#### Your instructions:
Beginning with the line that includes "Pantalon Marron Lin", return every remaining line of the material exactly as it reads, but not the pictures.

Segment Start: Recorded information

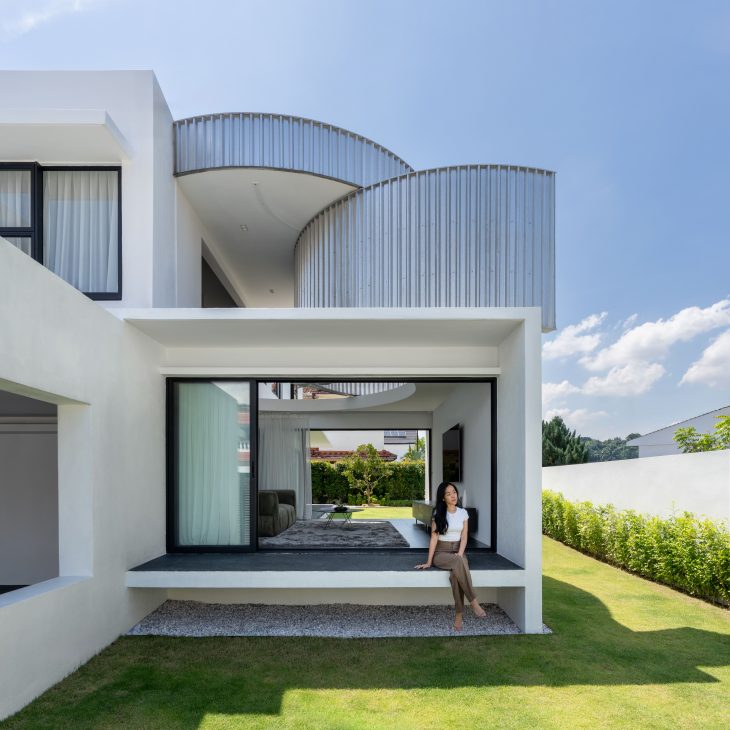 terrace house transformation Fabian Tan architecture interior design architect open living room pavilion pavilion extension extraordinary home open sky house c channels pivoting doors open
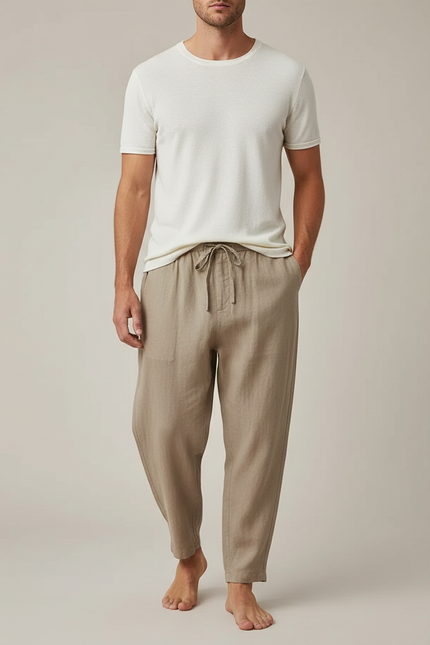 Pantalon Marron Lin Ample Décontracté Cordon Homme - Kaki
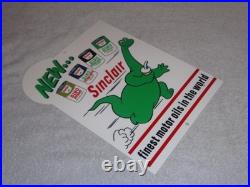 Vintage Sinclair Dino Dinosaur Motor Oil 12 Metal Service Station Gasoline Sign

Segment End: Recorded information

#### Expected answer:
 Pantalon Marron Lin Ample Décontracté Cordon Homme - Kaki
 Vintage Sinclair Dino Dinosaur Motor Oil 12 Metal Service Station Gasoline Sign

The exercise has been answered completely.